Your goal >> Retype the data below without altering anything.

Supplied information >>

++++++++++++++++++++

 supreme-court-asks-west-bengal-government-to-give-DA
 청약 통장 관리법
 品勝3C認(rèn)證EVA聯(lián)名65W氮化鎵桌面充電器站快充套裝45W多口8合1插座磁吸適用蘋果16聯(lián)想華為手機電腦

++++++++++++++++++++

Response for this exercise >>
 supreme-court-asks-west-bengal-government-to-give-DA
 청약 통장 관리법
 品勝3C認(rèn)證EVA聯(lián)名65W氮化鎵桌面充電器站快充套裝45W多口8合1插座磁吸適用蘋果16聯(lián)想華為手機電腦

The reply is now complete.